:: Task to carry out ::
For this exercise, copy each line of the records that contains the word "view".

:: Data extracted from a collection ::
+---+
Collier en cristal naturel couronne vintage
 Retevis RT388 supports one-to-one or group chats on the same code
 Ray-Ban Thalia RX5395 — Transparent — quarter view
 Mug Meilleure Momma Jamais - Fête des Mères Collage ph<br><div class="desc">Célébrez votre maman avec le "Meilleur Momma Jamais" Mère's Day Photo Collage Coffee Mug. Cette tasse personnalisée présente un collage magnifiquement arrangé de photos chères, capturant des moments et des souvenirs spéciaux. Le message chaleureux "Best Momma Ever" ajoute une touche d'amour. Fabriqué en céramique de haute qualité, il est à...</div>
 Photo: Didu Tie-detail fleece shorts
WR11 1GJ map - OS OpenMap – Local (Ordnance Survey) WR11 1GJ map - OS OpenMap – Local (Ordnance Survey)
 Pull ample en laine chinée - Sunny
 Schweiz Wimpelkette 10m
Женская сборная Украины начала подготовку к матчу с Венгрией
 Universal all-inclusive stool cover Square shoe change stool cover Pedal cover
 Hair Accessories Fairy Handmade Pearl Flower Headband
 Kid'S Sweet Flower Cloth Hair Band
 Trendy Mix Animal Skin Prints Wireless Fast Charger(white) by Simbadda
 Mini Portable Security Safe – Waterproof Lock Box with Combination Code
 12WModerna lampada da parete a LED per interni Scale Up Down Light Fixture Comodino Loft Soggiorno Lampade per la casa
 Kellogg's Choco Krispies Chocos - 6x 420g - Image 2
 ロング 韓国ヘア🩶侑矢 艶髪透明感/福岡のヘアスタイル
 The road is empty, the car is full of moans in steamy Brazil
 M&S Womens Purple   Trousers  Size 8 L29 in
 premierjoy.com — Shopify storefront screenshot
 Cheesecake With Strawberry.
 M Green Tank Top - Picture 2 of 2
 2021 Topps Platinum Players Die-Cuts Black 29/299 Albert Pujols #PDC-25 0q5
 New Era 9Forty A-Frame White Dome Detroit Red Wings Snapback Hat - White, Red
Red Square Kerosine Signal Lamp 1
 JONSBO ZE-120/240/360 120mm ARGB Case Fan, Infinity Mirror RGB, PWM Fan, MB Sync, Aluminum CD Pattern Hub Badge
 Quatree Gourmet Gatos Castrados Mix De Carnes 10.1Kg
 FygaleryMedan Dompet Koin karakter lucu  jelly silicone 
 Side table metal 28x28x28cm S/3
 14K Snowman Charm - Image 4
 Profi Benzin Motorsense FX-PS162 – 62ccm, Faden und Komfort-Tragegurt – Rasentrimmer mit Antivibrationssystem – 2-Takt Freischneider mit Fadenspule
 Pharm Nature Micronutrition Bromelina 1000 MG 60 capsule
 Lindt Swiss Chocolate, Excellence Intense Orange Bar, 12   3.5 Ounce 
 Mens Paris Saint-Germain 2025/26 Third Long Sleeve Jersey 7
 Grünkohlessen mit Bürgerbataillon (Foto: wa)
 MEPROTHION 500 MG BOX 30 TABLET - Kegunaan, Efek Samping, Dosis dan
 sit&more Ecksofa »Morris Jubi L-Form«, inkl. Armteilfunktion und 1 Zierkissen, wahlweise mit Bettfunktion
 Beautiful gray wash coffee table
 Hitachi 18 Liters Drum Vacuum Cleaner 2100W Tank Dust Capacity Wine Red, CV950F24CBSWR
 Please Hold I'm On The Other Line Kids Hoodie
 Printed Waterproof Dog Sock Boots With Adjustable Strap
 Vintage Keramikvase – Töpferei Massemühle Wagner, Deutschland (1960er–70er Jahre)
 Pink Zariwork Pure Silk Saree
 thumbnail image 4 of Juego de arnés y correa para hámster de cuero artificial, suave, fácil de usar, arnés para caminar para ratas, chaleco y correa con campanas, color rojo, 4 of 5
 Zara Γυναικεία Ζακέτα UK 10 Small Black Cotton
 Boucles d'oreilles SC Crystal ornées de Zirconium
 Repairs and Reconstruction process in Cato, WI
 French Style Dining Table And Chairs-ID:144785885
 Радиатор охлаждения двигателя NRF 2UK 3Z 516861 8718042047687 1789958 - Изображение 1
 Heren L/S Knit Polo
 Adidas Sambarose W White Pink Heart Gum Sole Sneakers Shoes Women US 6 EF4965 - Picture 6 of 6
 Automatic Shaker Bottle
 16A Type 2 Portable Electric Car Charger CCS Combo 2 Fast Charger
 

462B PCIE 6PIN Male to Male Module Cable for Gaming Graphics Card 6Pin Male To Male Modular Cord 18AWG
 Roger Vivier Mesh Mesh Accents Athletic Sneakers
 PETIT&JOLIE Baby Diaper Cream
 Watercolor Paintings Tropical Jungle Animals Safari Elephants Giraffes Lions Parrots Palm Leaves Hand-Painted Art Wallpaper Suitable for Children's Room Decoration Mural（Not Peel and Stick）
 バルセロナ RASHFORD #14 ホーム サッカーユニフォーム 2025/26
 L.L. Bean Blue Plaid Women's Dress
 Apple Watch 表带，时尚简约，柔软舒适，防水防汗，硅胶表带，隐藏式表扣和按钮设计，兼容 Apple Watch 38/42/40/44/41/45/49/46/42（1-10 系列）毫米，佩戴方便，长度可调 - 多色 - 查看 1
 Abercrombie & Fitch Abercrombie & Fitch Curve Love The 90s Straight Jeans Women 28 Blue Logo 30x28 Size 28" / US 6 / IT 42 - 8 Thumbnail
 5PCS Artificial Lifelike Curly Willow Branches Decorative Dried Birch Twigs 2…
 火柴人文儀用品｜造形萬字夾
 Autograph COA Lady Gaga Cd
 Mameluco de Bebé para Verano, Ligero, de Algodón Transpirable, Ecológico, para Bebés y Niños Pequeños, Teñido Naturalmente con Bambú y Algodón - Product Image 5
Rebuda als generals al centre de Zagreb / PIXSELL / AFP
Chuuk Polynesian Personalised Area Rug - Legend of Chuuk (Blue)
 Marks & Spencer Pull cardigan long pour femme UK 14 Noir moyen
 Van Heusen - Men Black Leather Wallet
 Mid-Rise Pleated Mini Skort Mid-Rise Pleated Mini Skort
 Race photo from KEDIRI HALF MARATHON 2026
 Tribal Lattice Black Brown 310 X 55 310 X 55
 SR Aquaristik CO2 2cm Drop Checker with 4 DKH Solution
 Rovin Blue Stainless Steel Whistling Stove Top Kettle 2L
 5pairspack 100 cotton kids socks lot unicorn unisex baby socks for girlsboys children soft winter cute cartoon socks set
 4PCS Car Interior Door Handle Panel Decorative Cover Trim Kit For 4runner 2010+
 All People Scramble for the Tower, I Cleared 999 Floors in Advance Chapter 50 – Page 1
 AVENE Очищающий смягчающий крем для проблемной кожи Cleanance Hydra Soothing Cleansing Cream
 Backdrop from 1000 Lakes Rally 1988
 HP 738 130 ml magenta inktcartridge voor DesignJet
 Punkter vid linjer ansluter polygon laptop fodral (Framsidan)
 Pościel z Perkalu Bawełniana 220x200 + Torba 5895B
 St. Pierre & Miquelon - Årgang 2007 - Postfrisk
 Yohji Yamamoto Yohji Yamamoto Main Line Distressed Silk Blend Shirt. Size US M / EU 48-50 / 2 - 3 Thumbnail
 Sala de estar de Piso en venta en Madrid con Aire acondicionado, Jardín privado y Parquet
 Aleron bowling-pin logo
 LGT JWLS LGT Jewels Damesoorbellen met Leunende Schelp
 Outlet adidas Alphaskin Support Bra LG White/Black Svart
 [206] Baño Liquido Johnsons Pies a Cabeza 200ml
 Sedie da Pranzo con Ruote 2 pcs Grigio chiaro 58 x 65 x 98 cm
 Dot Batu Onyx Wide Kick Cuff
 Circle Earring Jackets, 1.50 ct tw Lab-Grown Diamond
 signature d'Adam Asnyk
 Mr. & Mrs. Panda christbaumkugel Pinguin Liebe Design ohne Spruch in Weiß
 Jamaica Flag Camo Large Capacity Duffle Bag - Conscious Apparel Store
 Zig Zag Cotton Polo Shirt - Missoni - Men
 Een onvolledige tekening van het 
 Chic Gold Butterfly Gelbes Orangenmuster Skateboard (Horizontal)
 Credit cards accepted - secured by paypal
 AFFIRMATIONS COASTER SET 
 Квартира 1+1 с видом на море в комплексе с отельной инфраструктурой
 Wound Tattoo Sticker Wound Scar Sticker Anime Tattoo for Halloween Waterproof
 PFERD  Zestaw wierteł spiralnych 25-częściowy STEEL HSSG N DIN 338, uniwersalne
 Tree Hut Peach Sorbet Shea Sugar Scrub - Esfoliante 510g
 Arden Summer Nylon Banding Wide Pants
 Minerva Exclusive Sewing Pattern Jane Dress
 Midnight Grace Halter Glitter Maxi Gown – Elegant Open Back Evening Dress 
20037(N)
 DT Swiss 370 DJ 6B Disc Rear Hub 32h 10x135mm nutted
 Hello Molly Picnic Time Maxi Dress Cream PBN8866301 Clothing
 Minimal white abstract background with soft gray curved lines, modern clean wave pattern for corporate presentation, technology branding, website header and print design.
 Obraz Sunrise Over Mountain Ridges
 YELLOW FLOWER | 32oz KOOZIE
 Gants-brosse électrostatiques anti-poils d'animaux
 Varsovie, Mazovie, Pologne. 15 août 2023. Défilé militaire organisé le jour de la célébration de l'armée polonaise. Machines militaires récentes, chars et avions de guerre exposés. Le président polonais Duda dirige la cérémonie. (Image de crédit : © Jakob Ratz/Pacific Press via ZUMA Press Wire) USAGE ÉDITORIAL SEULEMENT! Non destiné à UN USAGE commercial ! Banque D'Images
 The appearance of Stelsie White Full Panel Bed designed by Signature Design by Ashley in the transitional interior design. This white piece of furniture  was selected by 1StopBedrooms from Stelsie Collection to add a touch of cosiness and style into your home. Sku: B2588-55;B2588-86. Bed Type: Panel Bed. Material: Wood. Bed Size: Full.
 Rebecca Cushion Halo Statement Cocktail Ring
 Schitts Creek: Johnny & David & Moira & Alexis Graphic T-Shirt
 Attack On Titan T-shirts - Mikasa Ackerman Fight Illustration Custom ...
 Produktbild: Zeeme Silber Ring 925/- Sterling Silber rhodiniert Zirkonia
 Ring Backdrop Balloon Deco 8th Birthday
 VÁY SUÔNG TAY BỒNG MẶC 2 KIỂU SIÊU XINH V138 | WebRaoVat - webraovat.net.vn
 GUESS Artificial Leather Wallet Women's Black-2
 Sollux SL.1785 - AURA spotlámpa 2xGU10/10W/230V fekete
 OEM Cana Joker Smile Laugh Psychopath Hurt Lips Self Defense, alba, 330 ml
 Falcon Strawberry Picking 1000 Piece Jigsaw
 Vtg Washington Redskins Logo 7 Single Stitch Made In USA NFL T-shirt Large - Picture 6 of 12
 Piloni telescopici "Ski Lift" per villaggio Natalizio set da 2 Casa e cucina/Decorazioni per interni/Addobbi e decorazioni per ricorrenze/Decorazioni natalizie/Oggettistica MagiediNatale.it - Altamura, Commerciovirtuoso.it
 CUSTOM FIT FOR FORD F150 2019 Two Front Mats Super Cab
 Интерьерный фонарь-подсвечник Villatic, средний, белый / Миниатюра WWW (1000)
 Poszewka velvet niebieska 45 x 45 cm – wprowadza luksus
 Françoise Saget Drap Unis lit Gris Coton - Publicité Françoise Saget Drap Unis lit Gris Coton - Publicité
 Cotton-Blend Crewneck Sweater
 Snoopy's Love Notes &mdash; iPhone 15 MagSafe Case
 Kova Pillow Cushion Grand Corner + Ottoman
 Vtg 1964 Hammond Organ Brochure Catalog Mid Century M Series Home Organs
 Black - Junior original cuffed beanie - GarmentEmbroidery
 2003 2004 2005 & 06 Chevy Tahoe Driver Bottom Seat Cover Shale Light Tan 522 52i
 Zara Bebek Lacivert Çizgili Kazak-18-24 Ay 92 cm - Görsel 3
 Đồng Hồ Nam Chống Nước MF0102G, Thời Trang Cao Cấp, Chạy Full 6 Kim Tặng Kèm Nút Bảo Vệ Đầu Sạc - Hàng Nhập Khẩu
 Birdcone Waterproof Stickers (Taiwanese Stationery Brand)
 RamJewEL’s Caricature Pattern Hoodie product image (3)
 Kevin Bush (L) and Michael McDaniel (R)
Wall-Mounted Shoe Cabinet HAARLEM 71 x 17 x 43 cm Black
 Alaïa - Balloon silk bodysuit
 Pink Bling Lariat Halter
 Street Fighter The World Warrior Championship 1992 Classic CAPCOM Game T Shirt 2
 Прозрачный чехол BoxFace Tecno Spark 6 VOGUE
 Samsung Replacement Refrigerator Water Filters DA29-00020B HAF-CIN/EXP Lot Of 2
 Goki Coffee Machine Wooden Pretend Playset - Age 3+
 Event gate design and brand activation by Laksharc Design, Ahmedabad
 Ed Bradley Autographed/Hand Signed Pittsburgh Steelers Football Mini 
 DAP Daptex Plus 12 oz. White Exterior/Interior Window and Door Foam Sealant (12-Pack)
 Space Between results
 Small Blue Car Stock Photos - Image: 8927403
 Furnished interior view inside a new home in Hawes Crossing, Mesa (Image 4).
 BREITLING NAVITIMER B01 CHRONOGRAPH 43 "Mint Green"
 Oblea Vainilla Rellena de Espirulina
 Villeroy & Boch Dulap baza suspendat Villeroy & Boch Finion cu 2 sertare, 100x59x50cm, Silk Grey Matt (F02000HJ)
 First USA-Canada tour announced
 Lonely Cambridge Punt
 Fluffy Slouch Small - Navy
+---+
:: Task result ::
 Ray-Ban Thalia RX5395 — Transparent — quarter view
 Furnished interior view inside a new home in Hawes Crossing, Mesa (Image 4).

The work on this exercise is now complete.